== Problem to solve ==
For this exercise, copy exactly every line from the one holding "Pine Street Hesperia, CA 92345" through the end of the data, both included. Omit pictures.

== Records for processing ==
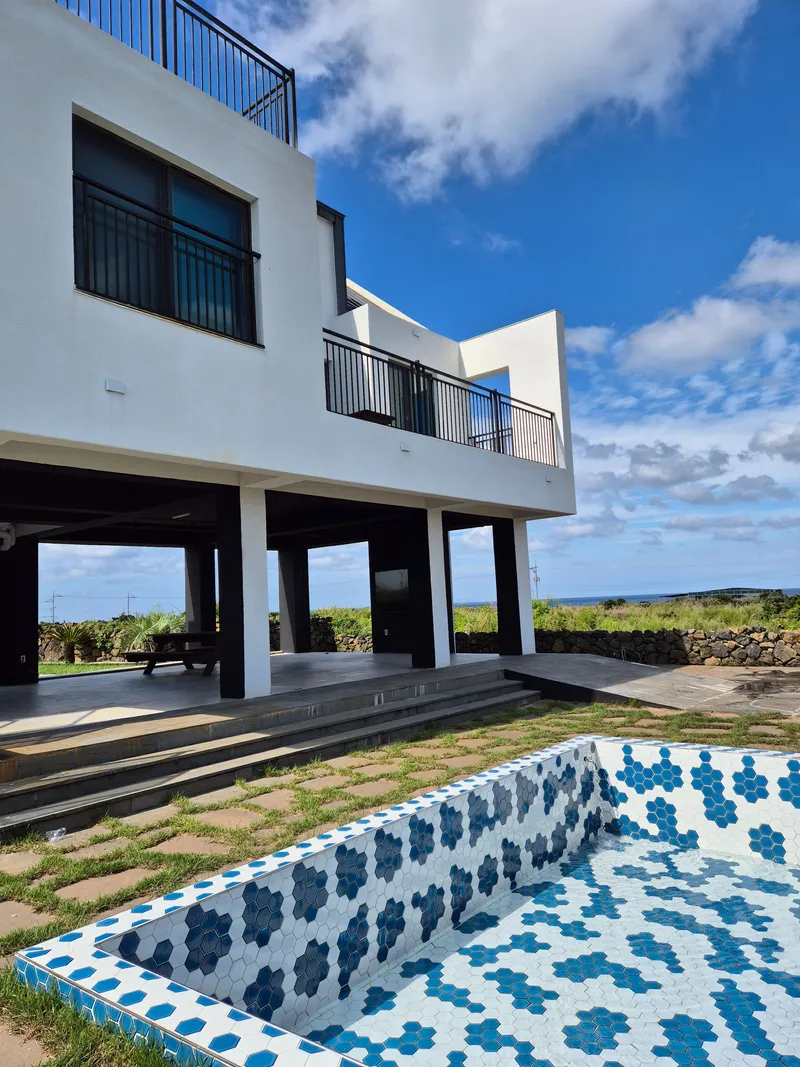 [Gujwa, Jeju] Ocean View New Opening Special Price Jeju East Village Private Large Swimming Pool Pool Villa 21
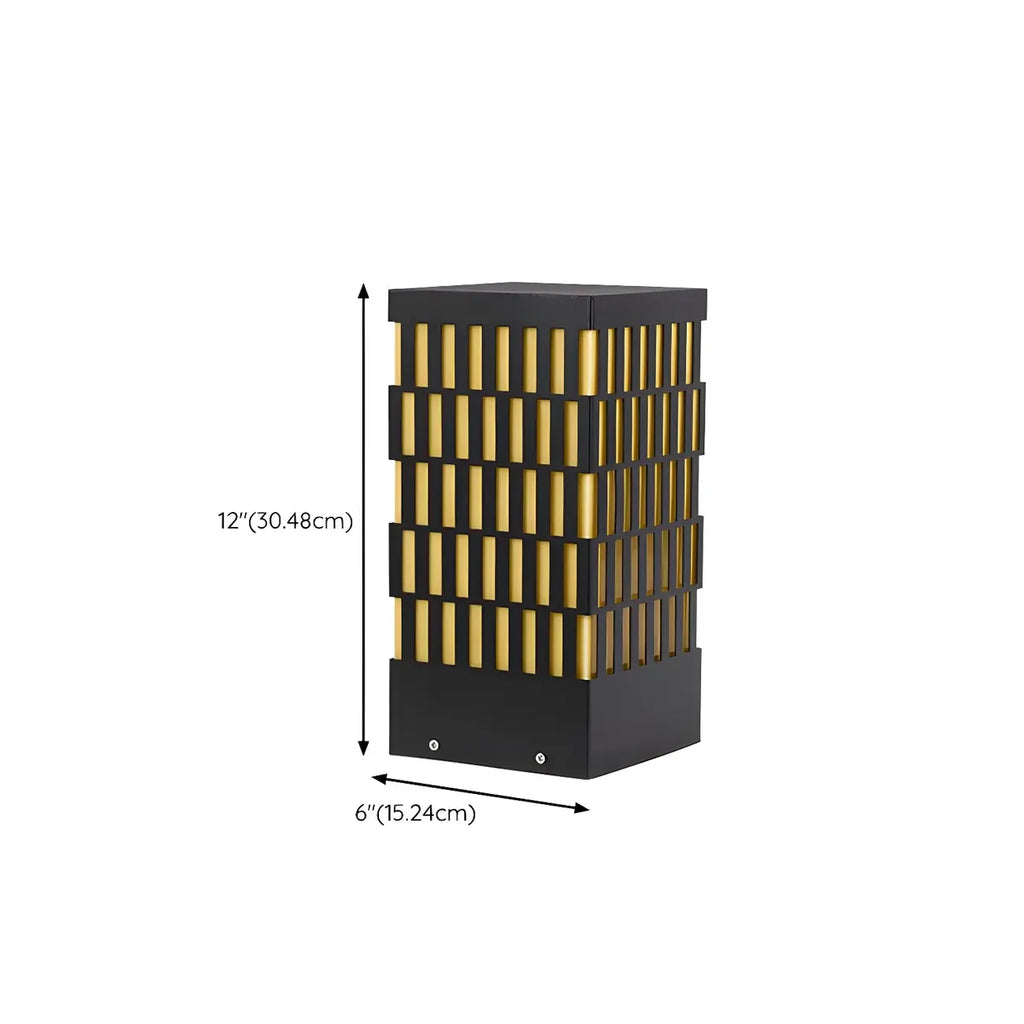 Culot de lampe rectangulaire à grille métallique noire et éclairage chaud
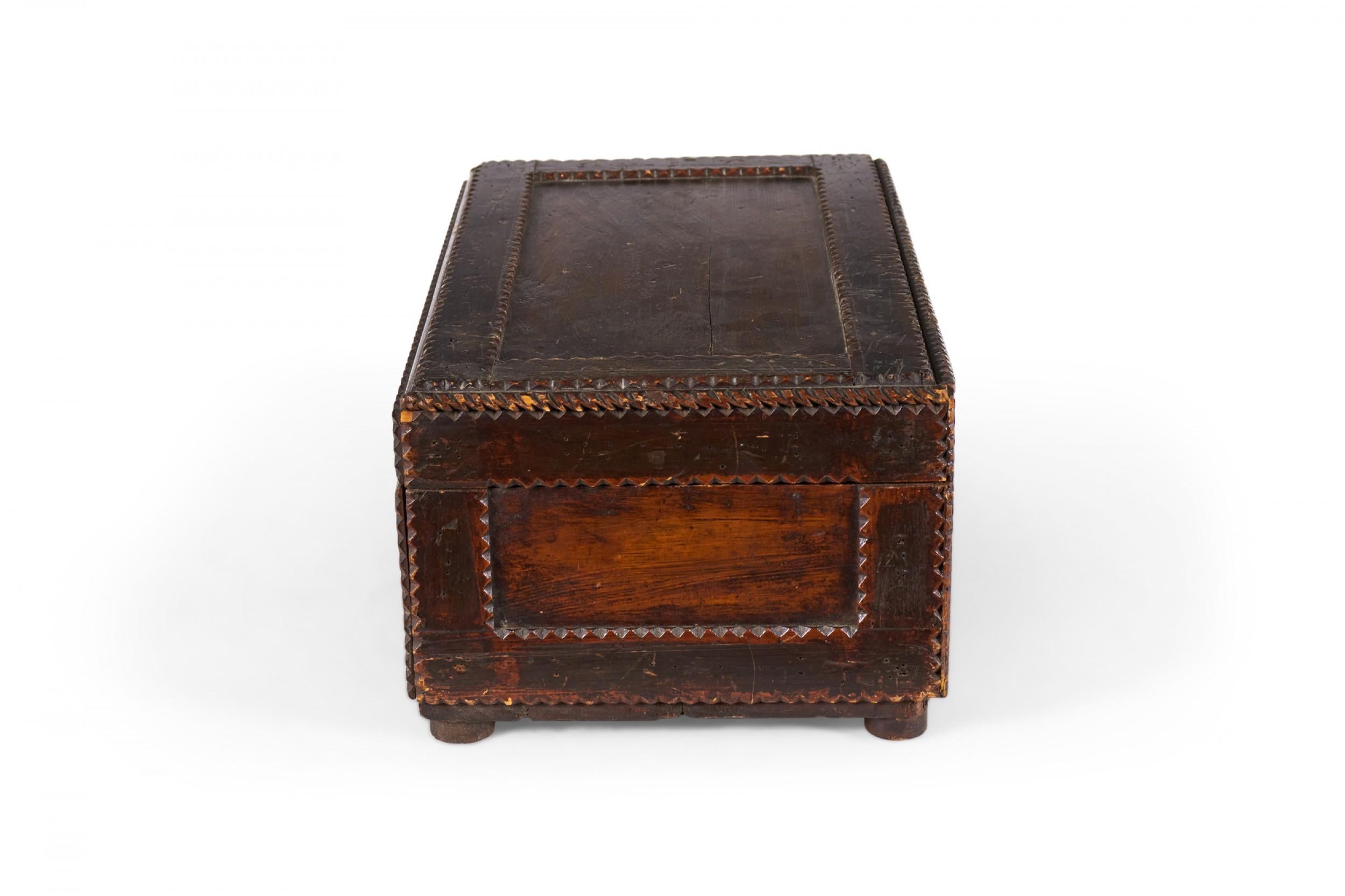 Caja de madera Tramp Art Americano Estadounidense en venta
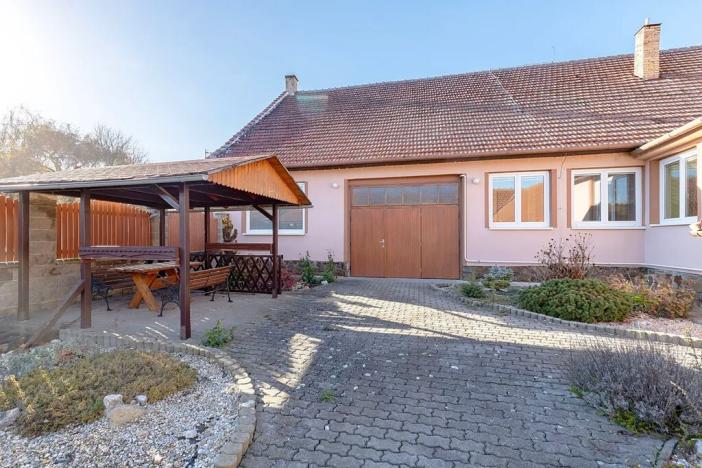 Prodej rodinného domu, Uhřice, 140 m2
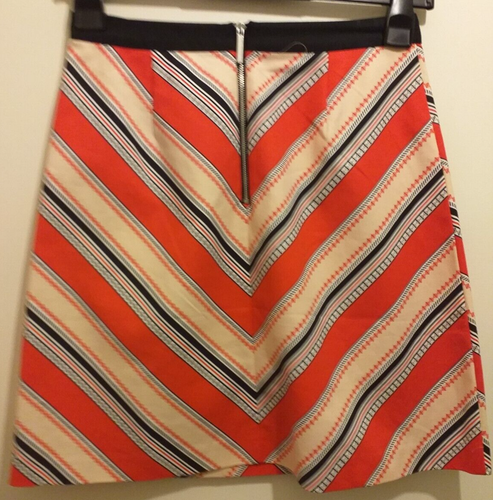 Size 8 multicolored Oasis skirt new with tag. - Picture 2 of 4
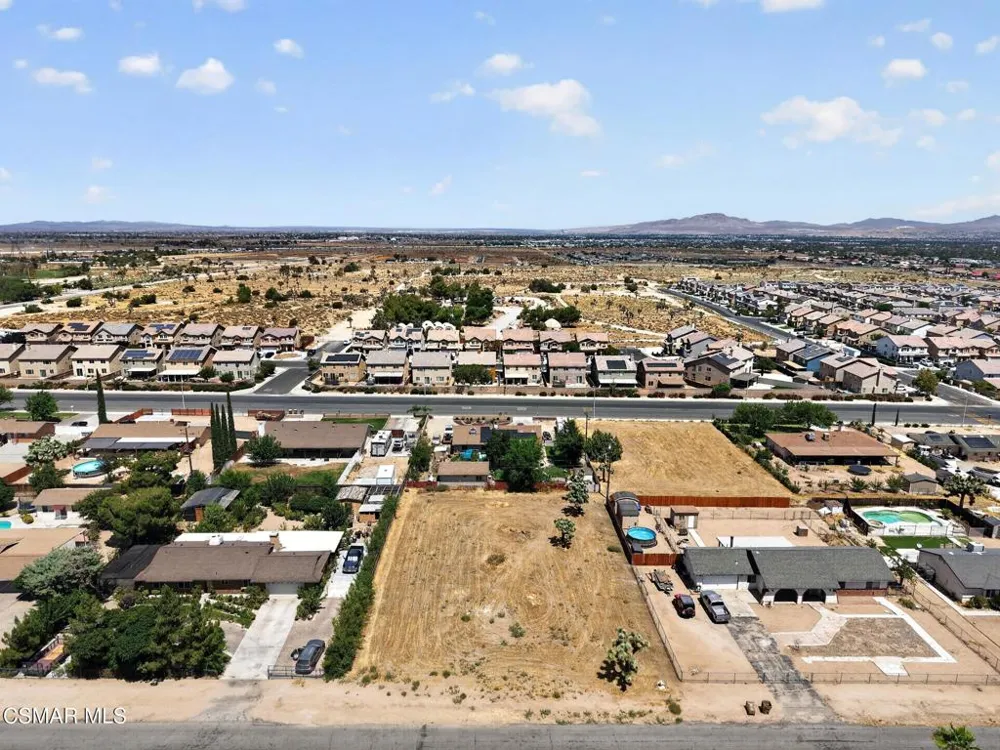 Pine Street Hesperia, CA 92345
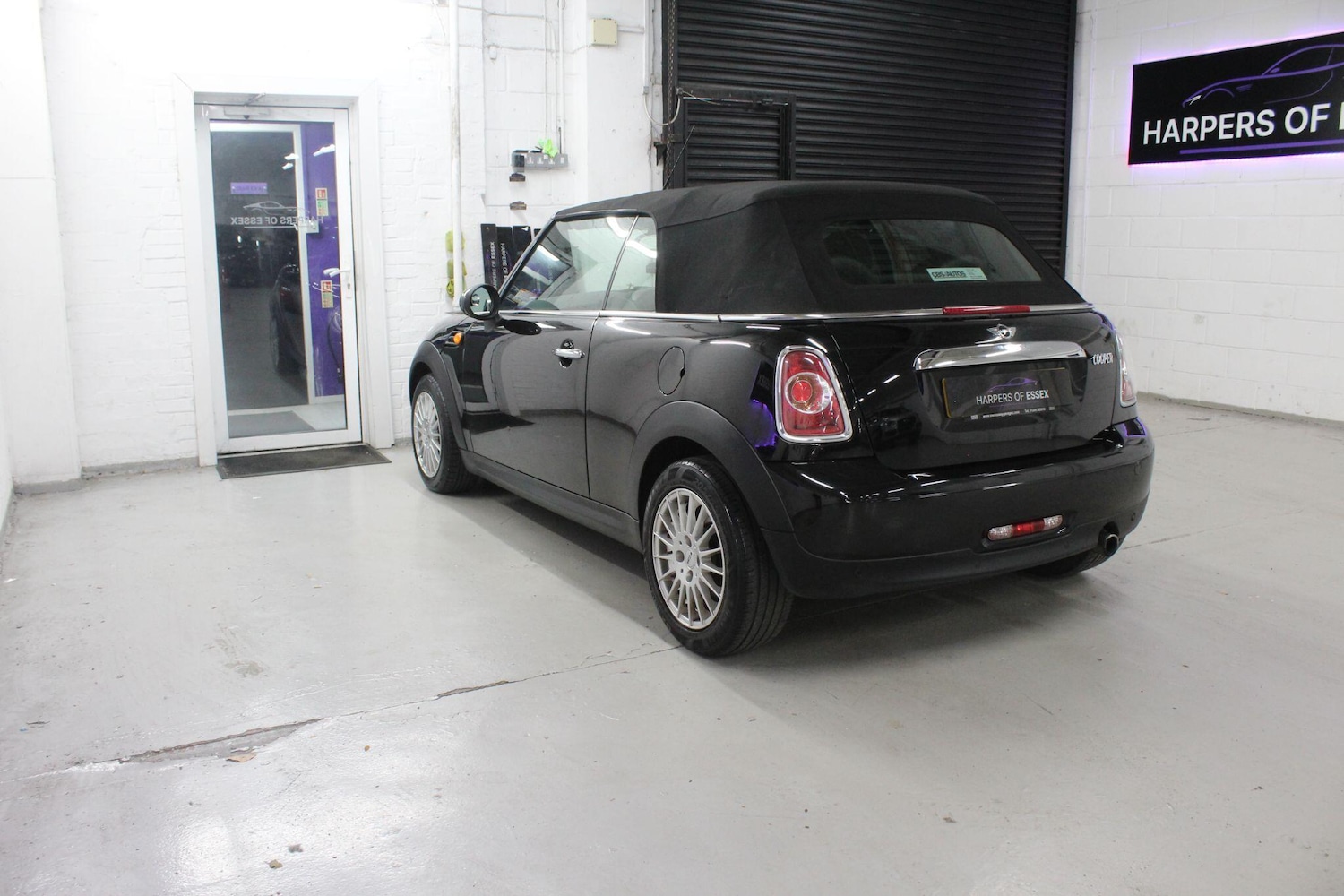 Used MINI Convertible 2014 for sale - 76059527: Photo 16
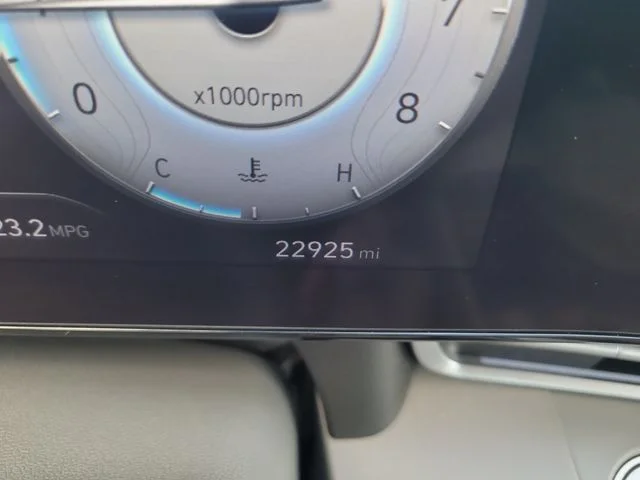 Used 2025  Hyundai SEL Convenience image 30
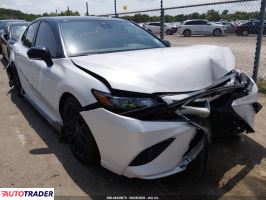 Toyota Camry 2022 3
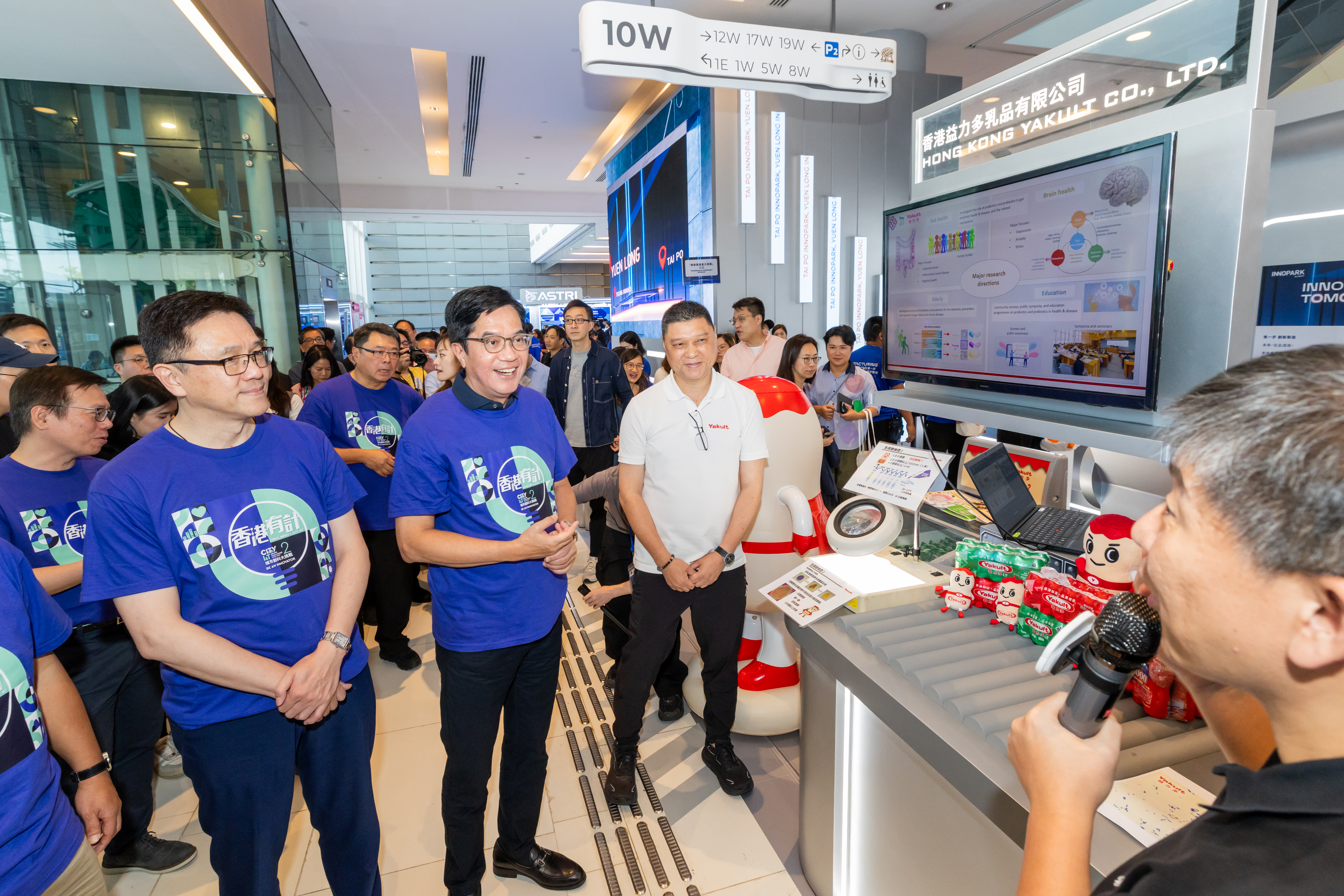 Mr Michael Wong, Acting Financial Secretary exchanged views with InnoParks companies to learn about the latest technology developments.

== Answer for the task ==
 Pine Street Hesperia, CA 92345
 Used MINI Convertible 2014 for sale - 76059527: Photo 16
 Used 2025  Hyundai SEL Convenience image 30
 Toyota Camry 2022 3
 Mr Michael Wong, Acting Financial Secretary exchanged views with InnoParks companies to learn about the latest technology developments.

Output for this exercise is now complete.